But you should really do some profiling of your application first. How much time is spent in the application versus database. Are there application methods that are using lots of time and just need some tweaking? Are database queries not written efficiently? Do you need more or better database indices?
Everything looks pretty good-- if upgrading codeigniter is an option, the new codeigniter 2.0 (reactor) adds support for memcache (New Cache driver with file system, APC and memcache support). Granted you're already using xcache, these new additions may be worth looking at.
When cache objects weren't enough for our multi-domain platform that saw huge traffic, we went the route of throwing more hardware at it-- ram, servers/database. Then we moved to database clustering to handle single account forecasted heavy load. And now switching from apache to nginx... It's a never ending battle, but what worked for us was being smart about what we cached and increasing server memory then distributing this load across servers...
Cache as many database calls as you can. In my CI application I have a settings table that rarely changes, so I cache all calls made to it as I am constantly querying the settings table.
Cache your views and even your controllers as well. I tend to cache basically as much as I can in my CI applications and then refresh the cache when a file changes.
Only autoload important libraries, models and helpers. I've seen people autoload up to 10 libraries and on-top of that a few helpers and then a model. You only really need to autoload the database and session libraries if you are using them.
Regarding point number 3, are you autoloading many things in your config/autoload.php file by any chance? It might help speed things up only loading things you need in your controllers as you need them with exception of course the session and database libraries.
Trying to get to grips with the different types of cache engines File, APC, Xcache, Memcache. Anybody know of any good resources/links?
Note I am using Linux, PHP and mysql
There are 2 types of caching terminology thrown around in PHP.
First is an optcode cache:
http://en.wikipedia.org/wiki/PHP_accelerator
Second is a data cache:
http://simas.posterous.com/php-data-caching-techniques
A few of the technologies can cross boundaries into both realms, but the basics behind them are simple. The idea is: Keep as much data in ram and precompiled because compiling and HD seeks are very expensive processes. HD Seeks can be done to find a file to compile / query the DB to get data / looking for a temp file, and every time that happens it slows down the user experience.
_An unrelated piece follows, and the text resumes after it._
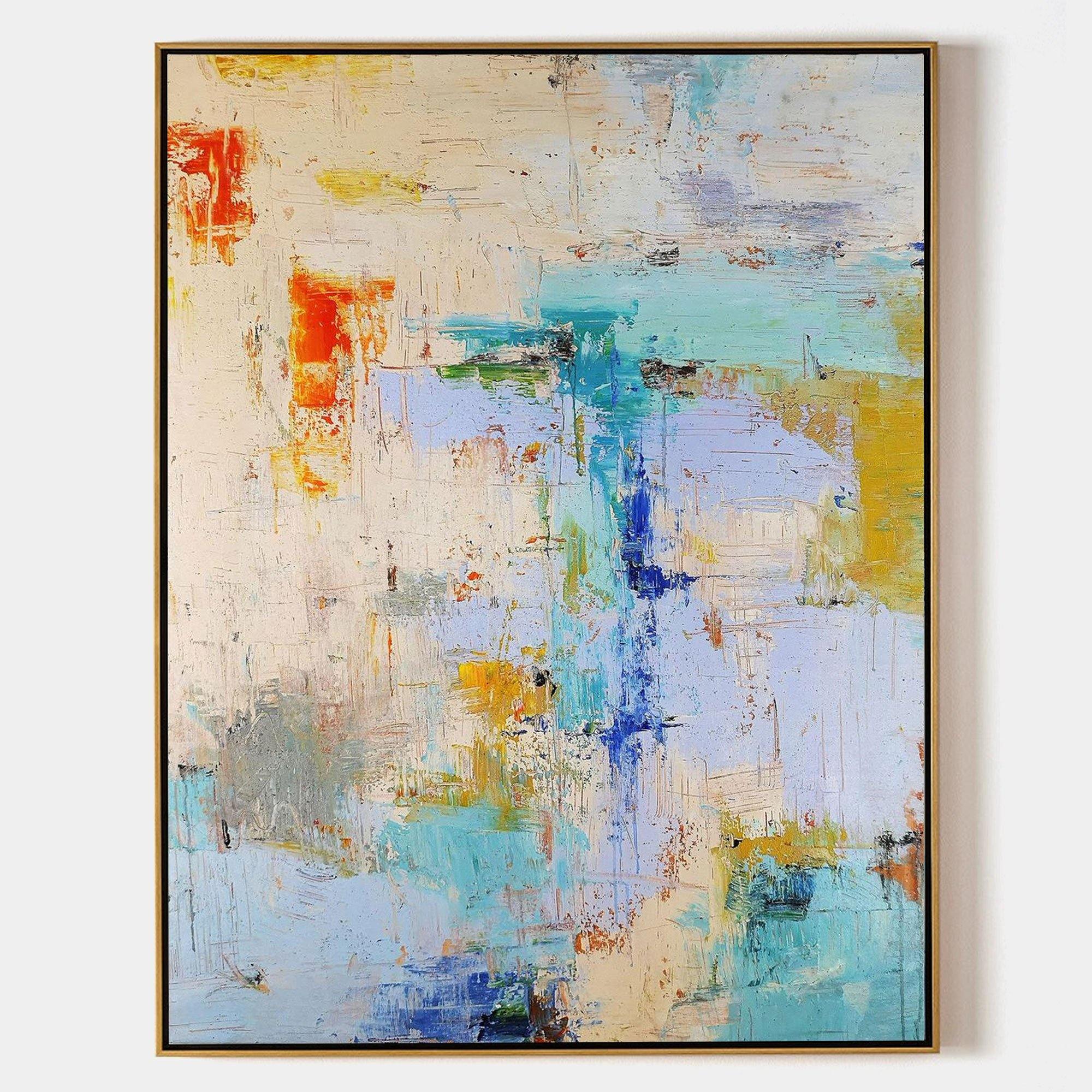 Original hand painted teal cobalt orange abstract oil painting canvas wall art, nordic scandinavian elegant luxury modern living room i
Memcached is generally the way to go, but it has some "features" such as once you save some data to t cache, it doesn't necessarily guarantee that it will be available later as it dynamically removes old caches to make way for new ones. It's also fairly basic, you'll need to roll your own system for handling timeouts and preventing cascading but it's all fairly simple. There's tons of info in the Memcached FAQ, or feel free to ask and I'll post some code examples. Memcached can also act as a session handler which is great if you have lots of users or more than one server.
Otherwise disc caching is good if you only have one server or don't mind generating separate caches of each server. Generally faster than memcached as it doesn't have the network overhead (unless you have memcached on the same server). There are plenty of good disc caching frameworks but probably the best are Pear Cache_Lite and APC.
APC also has the added advantage that it can cache your compiled PHP code which may help on high-performance websites.
I'm running a php/mysql-driven website with a lot of visits and I'm considering the possibility of caching result-sets in shared memory in order to reduce database load.
However, right now MySQL's query cache is enabled and it seems to be doing a pretty good job since if I disable query caching, the use of CPU jumps to 100% immediately.
Given that situation, I dont know if caching result-sets (or even the generated HTML code) locally in shared memory with PHP will result in any noticeable performace improvement.
Does anyone out there have any experience on this matter?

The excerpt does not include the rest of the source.